What the exercise asks.
Your answer must be an exact copy of the entries below, with every picture removed.

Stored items
######

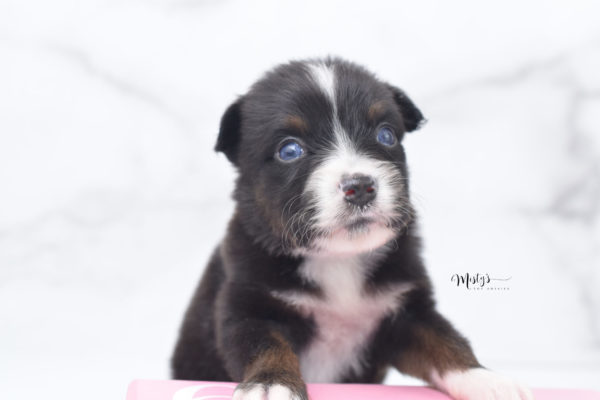 Mini / Toy Australian Shepherd Puppy Ocean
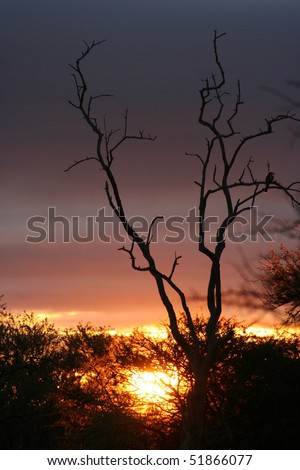 Tree Sunrise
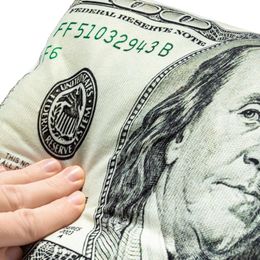 Bildspel - Kudde Dollarsedel
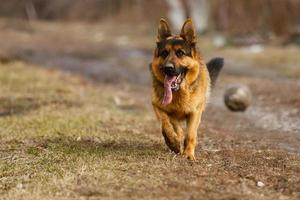 Deutscher Schäferhund springt und läuft auf der Spätsommerwiese foto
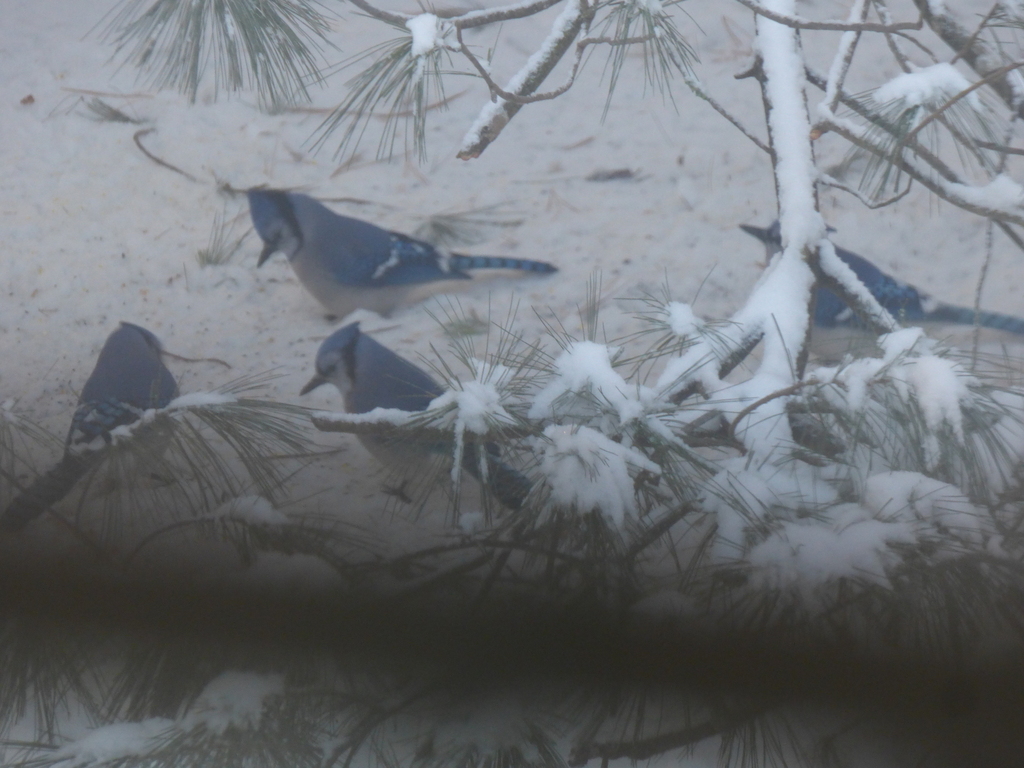 Blue Jay From Lennox And Addington County On Canada On January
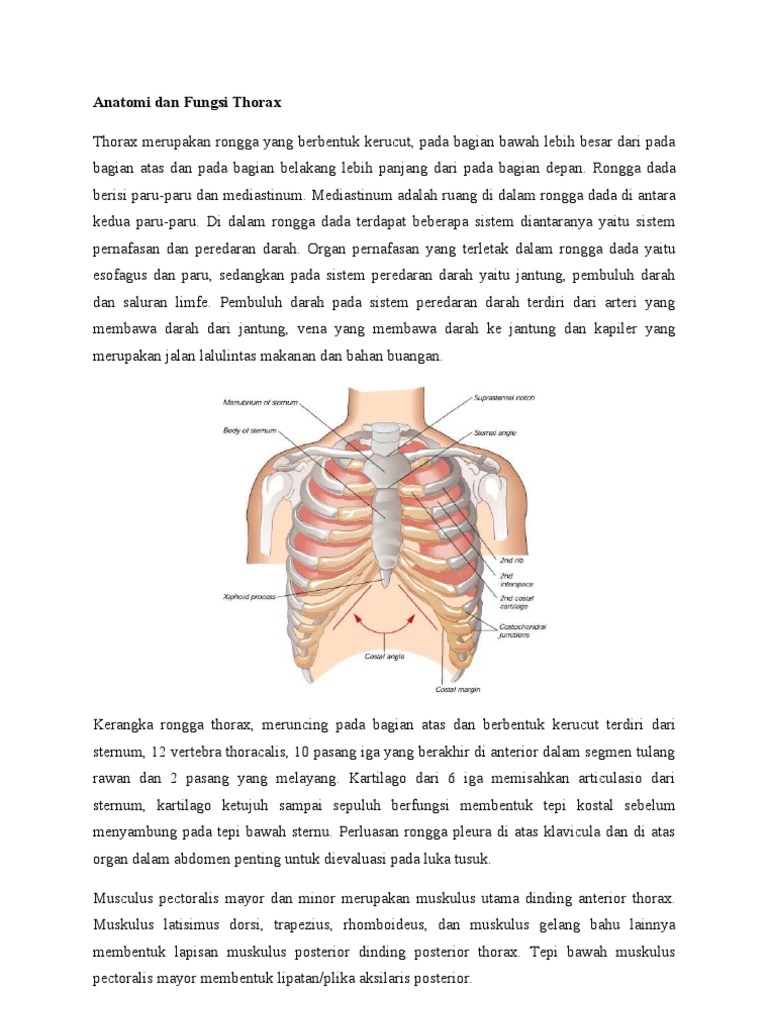 Anatomi dan Fungsi Thorax dan Abdomen | PDF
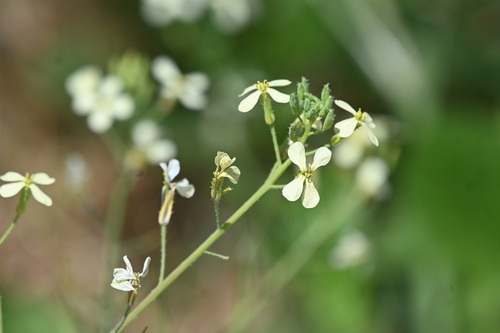 Wild radish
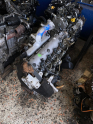 Oto Çıkma Parça / Renault / Trafic / Motor / Motor (komple) / Çıkma Parça 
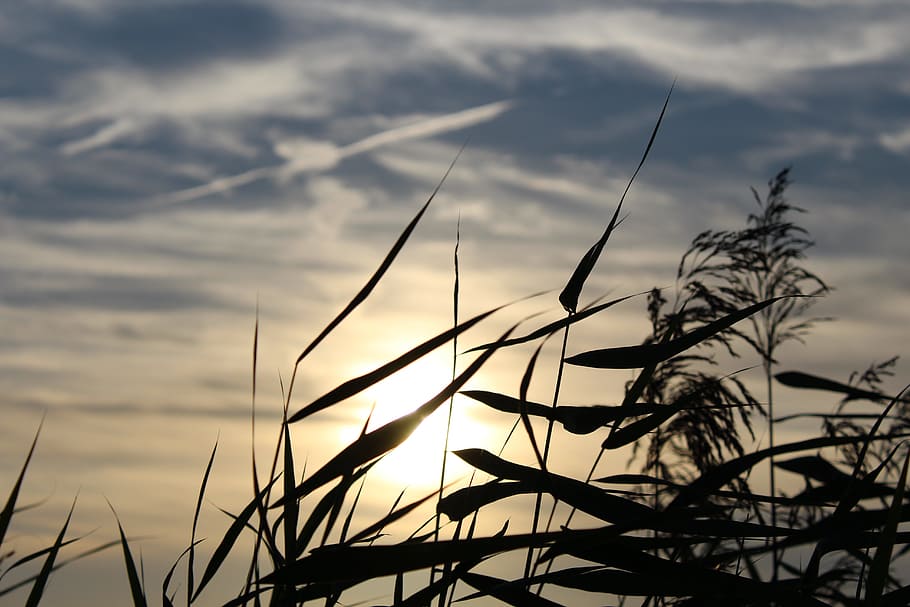 sunset, abendstimmung, clouds, sky, background, evening sky HD wallpaper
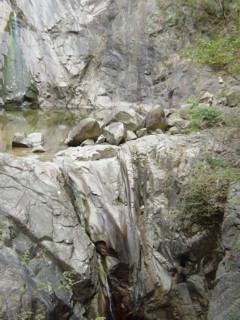 Pnunobiki8.jpg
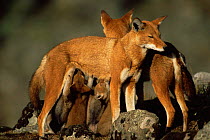 Simien jackal / Ethiopian wolf {Canis simensis} mother suckling cubs at den, Bale Mountains, Bale NP, Ethiopia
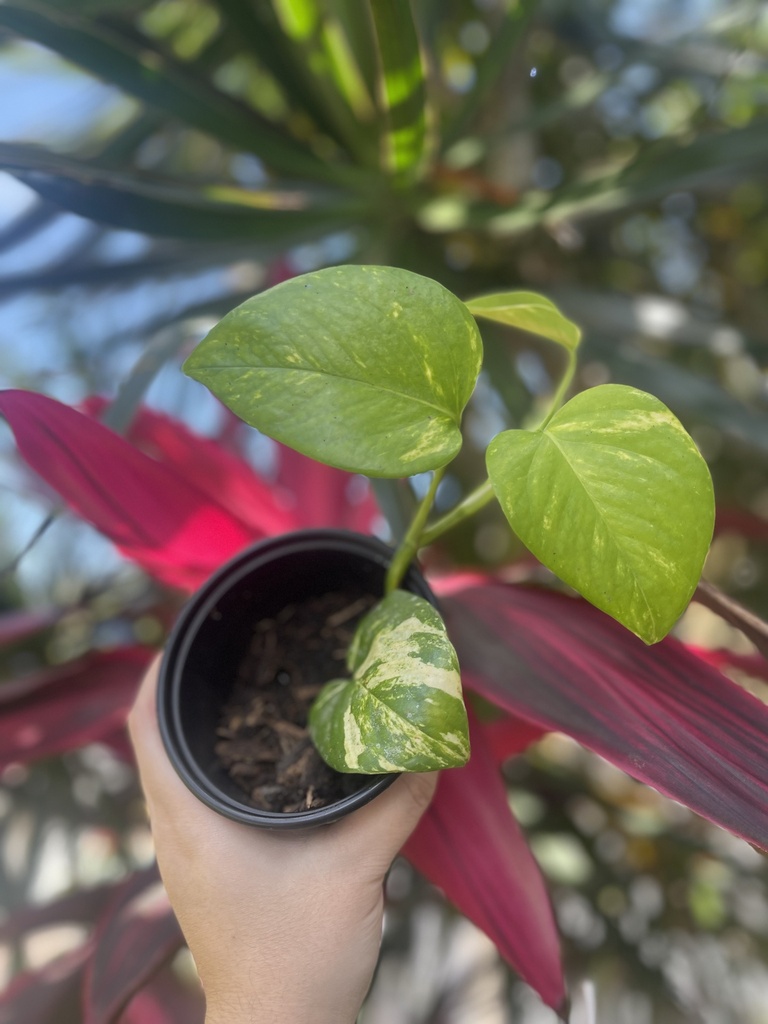 Epipremnum Aureum 'Golden Pothos'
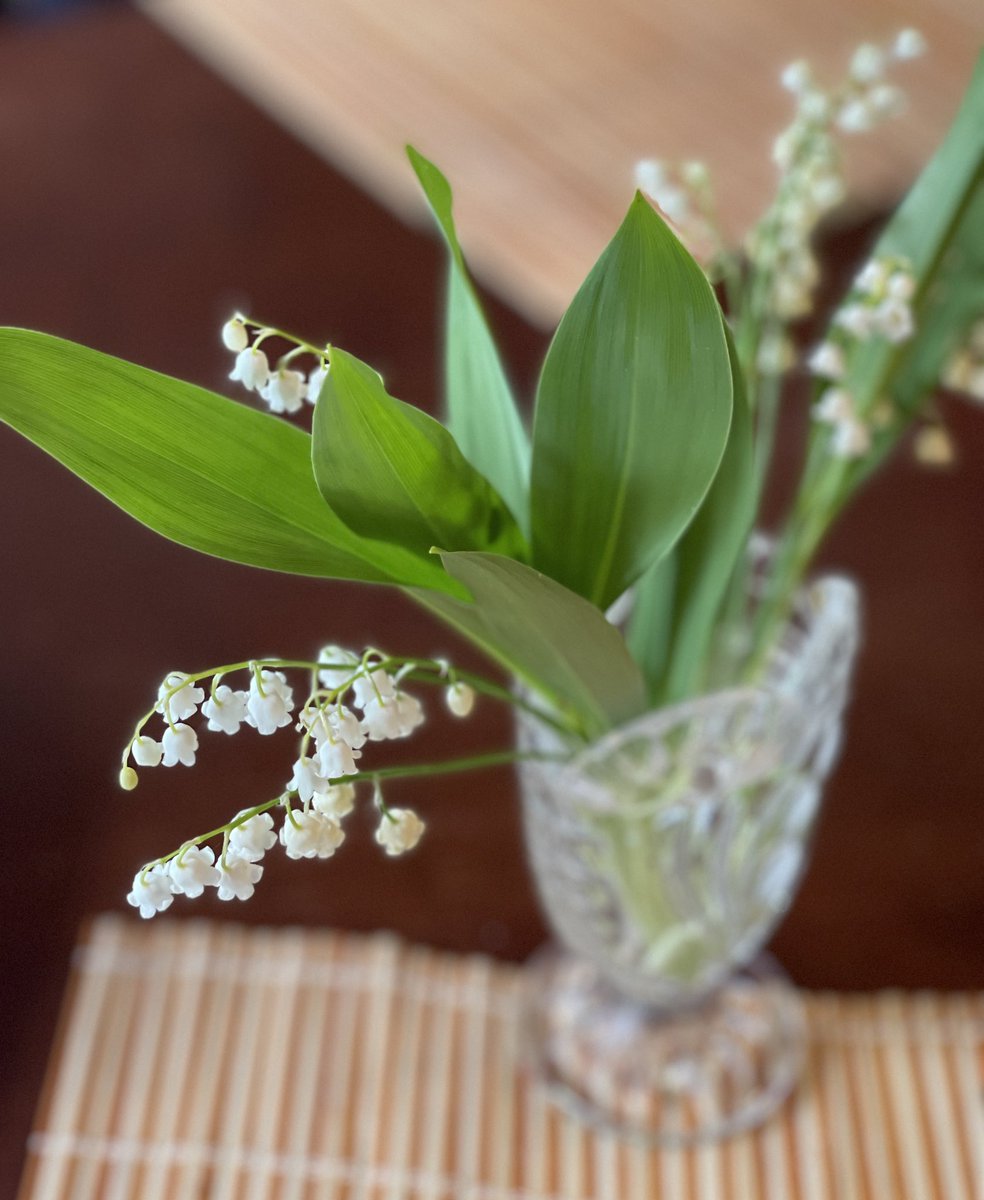 #Kielo #Liljekonvalj #Lilyofthevalley #Muguet 

What a beautiful fragrance..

######

Result of the exercise.
 Mini / Toy Australian Shepherd Puppy Ocean
 Tree Sunrise
 Bildspel - Kudde Dollarsedel
 Deutscher Schäferhund springt und läuft auf der Spätsommerwiese foto
 Blue Jay From Lennox And Addington County On Canada On January
 Anatomi dan Fungsi Thorax dan Abdomen | PDF
 Wild radish
 Oto Çıkma Parça / Renault / Trafic / Motor / Motor (komple) / Çıkma Parça 
 sunset, abendstimmung, clouds, sky, background, evening sky HD wallpaper
 Pnunobiki8.jpg
 Simien jackal / Ethiopian wolf {Canis simensis} mother suckling cubs at den, Bale Mountains, Bale NP, Ethiopia
 Epipremnum Aureum 'Golden Pothos'
 #Kielo #Liljekonvalj #Lilyofthevalley #Muguet 

What a beautiful fragrance..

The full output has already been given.